Short web captions:
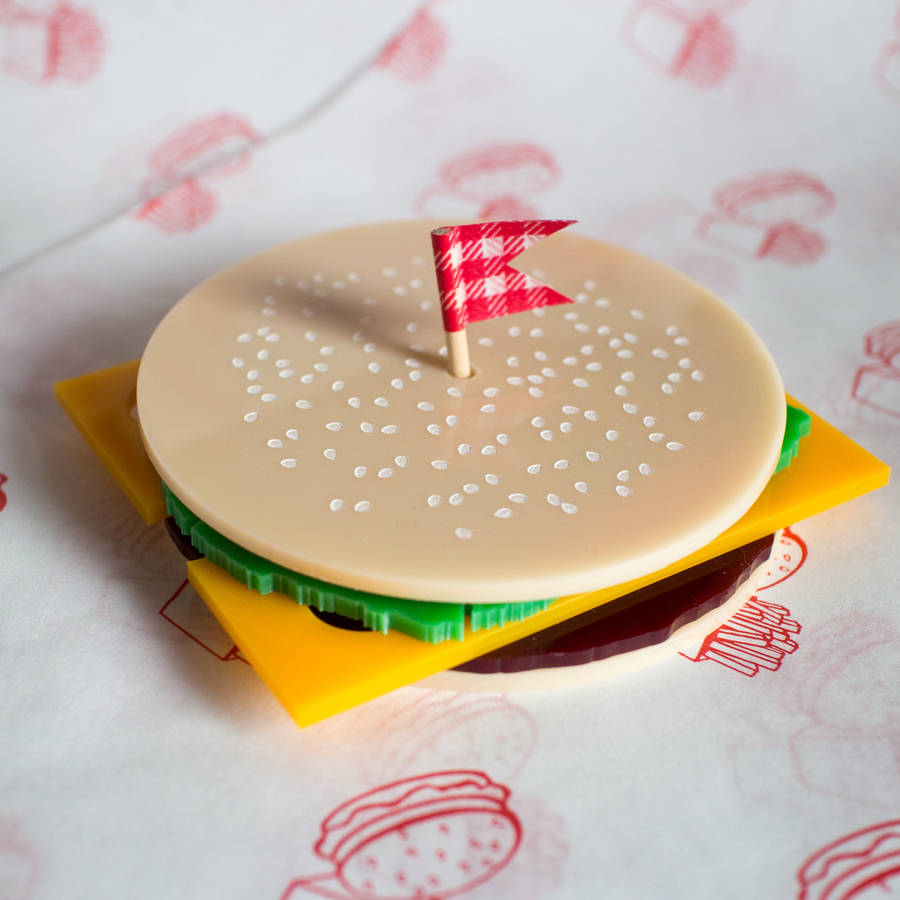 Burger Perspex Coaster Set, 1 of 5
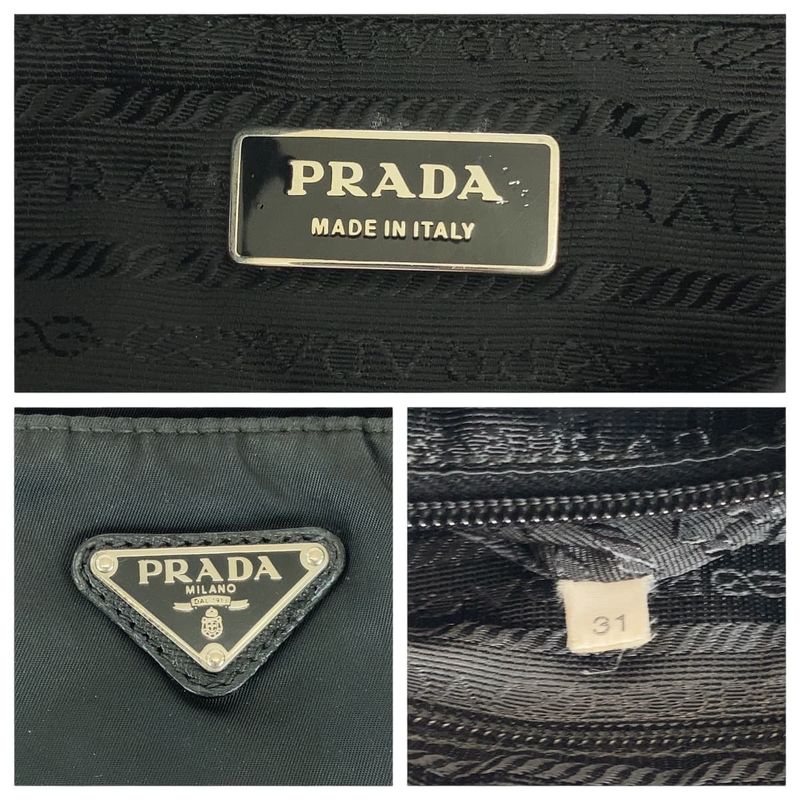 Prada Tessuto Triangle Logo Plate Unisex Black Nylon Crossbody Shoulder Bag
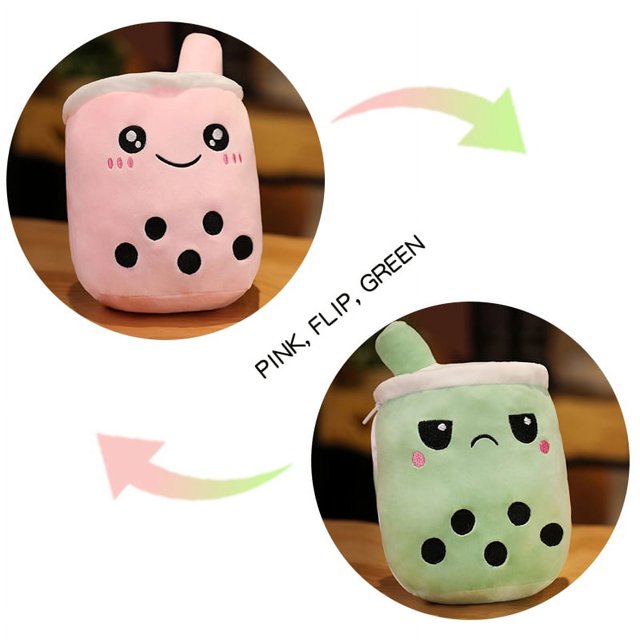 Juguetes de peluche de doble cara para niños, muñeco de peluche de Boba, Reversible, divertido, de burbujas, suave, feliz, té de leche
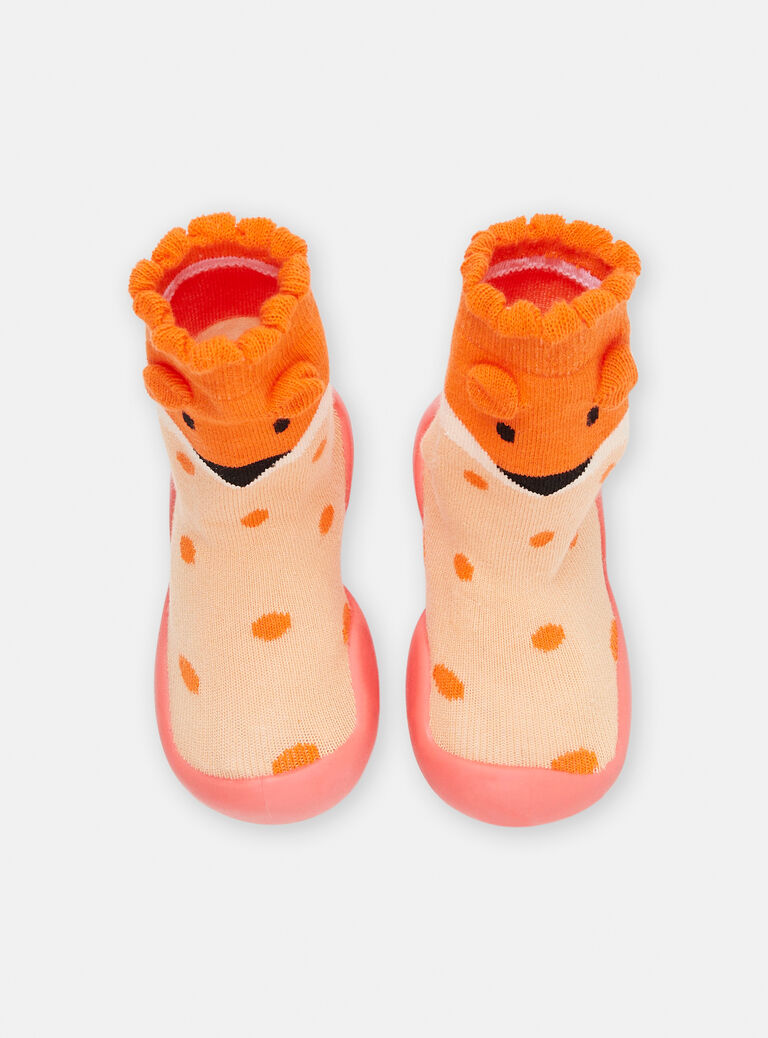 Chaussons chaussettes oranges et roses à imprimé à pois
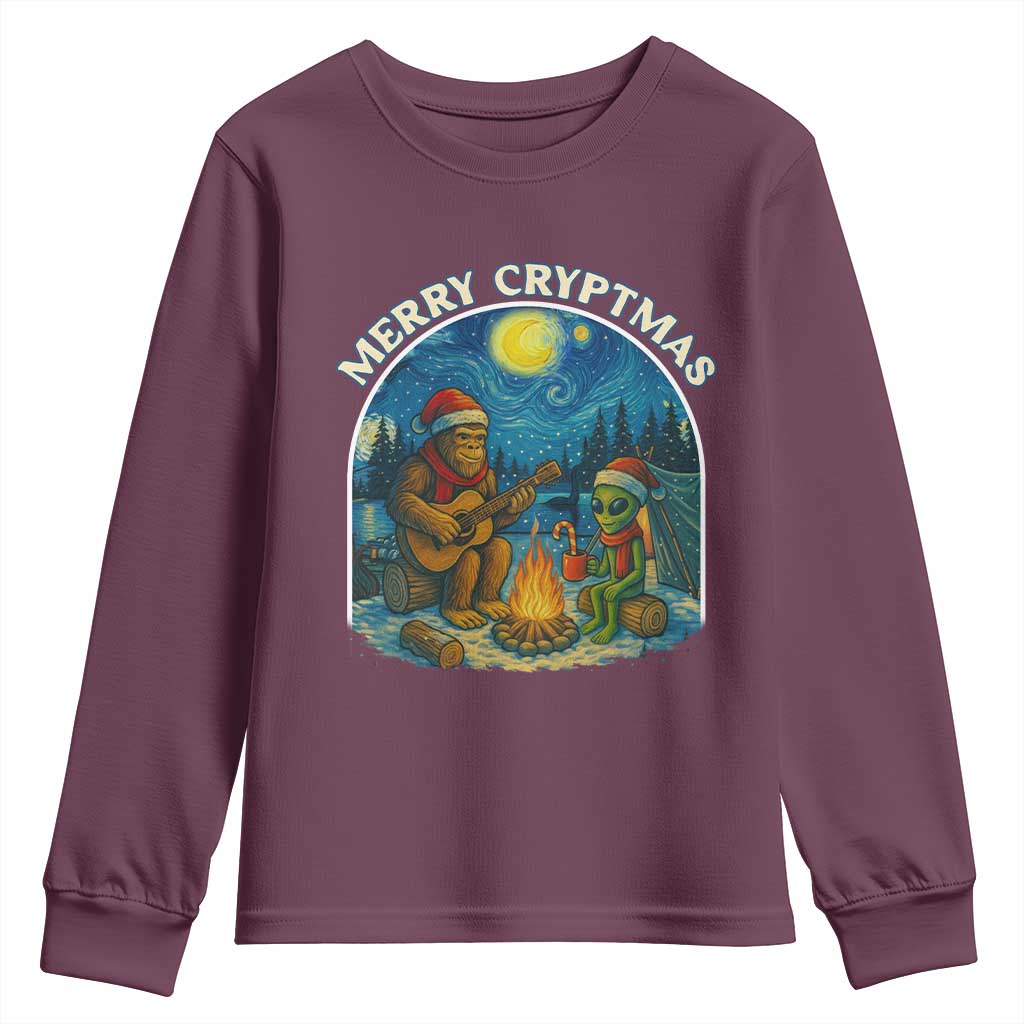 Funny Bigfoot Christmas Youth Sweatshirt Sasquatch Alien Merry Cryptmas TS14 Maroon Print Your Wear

## [To do]
Once the line containing "Juguetes de peluche" is found, write out exactly that line and each line after it through the end of the entries, omitting pictures.

## [Answer box]
 Juguetes de peluche de doble cara para niños, muñeco de peluche de Boba, Reversible, divertido, de burbujas, suave, feliz, té de leche
 Chaussons chaussettes oranges et roses à imprimé à pois
 Funny Bigfoot Christmas Youth Sweatshirt Sasquatch Alien Merry Cryptmas TS14 Maroon Print Your Wear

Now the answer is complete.